CAAFlog » September 2014 Term » United States v. Vargas

CAAF decided the interlocutory Marine Corps case of United States v. Vargas, 74 M.J. 1, No. 14-6009/MC (CAAFlog case page) (link to slip op.), on Monday, December 8, 2014. The court holds that the Article 62 does not confer jurisdiction for the Government’s appeal of the military judge’s ruling that denied a Government request for a continuance, reversing the decision of the Navy-Marine Corps CCA and remanding the case for further trial proceedings.

Judge Erdmann writes for the court, joined by Judges Stucky, Ryan, and Ohlson. Chief Judge Baker dissents.

Appellant is a Marine Staff Sergeant charged with a single specification of assault consummated by a battery. Trial before a special court-martial with members began on October 22, 2013, and was docketed for three days. Government counsel planned to call seven witnesses; four on the first day and three on the second day. However, the empanelment of members and the testimony of the first four witnesses went faster than anticipated, and by mid-afternoon on the first day the Government counsel was unprepared to present any more evidence until the second day. So, Government counsel requested a continuance until the following morning.

But the Defense opposed the continuance and the military judge denied it. Government counsel then gave notice of intent to appeal the judge’s ruling. This notice is supposed to stop the proceedings (pursuant to R.C.M. 908(b)(1)), but the military judge kept going, including resting the Government’s case and denying a Defense motion for a finding of not guilty pursuant to R.C.M. 917 (the Defense rested without presenting any evidence). The parties began to discuss instructions for the members before the military judge finally stopped the proceedings for the Government’s appeal.

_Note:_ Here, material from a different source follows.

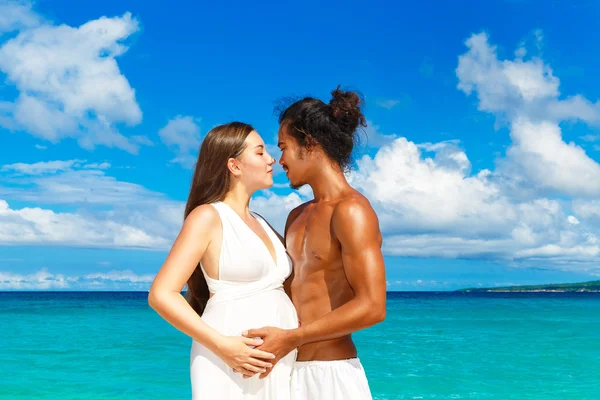 Glad och unga gravida par att ha kul på en tropisk strand. — Stockfoto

That evening Government counsel changed course, sending the judge an email disclaiming any intent to appeal the denial of the continuance and asking for reconsideration of the ruling that the Government’s case was rested. The next day the military judge heard the Government’s motion for reconsideration and reaffirmed her rulings. The Government then gave a second notice of intent to appeal, and an interlocutory appeal under Article 62 followed.

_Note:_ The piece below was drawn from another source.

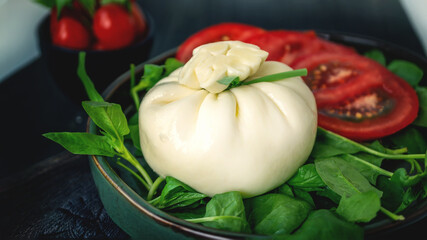 burrata. dinner with tomato and spinach salad with Italian Buratto cheese. Concept of healthy Mediterranean food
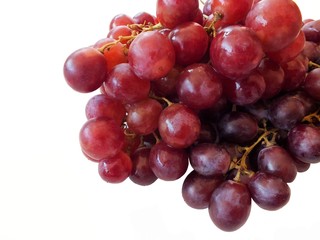 red grapes isolated on white background.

A three-judge panel of the NMCCA granted that appeal, vacating the judge’s rulings, after finding that it had jurisdiction to do so under Article 62 (which authorizes Government appeals in various situations including of “an order or ruling which excludes evidence that is substantial proof of a fact material in the proceeding.” Article 62(a)(1)(B)). The CCA determined that:

By denying the trial counsel’s motion for a recess until the next morning and then sua sponte resting the Government’s case, the military judge effectively denied the Government the opportunity to present critical testimony that is substantial proof of a fact material in the proceeding.

United States v. Vargas, No. 201300426, slip op. at 9 (N-M. Ct. Crim. App. Feb. 28, 2014) (discussed here). CAAF then granted review to determine whether the CCA had jurisdiction to reach this conclusion, with the following issue:

Whether the Navy-Marine Corps Court of Criminal Appeals erroneously interpreted Article 62, UCMJ, to allow a Government appeal of the military judge’s denial of a continuance request as well as the military judge’s order resting the Government’s case.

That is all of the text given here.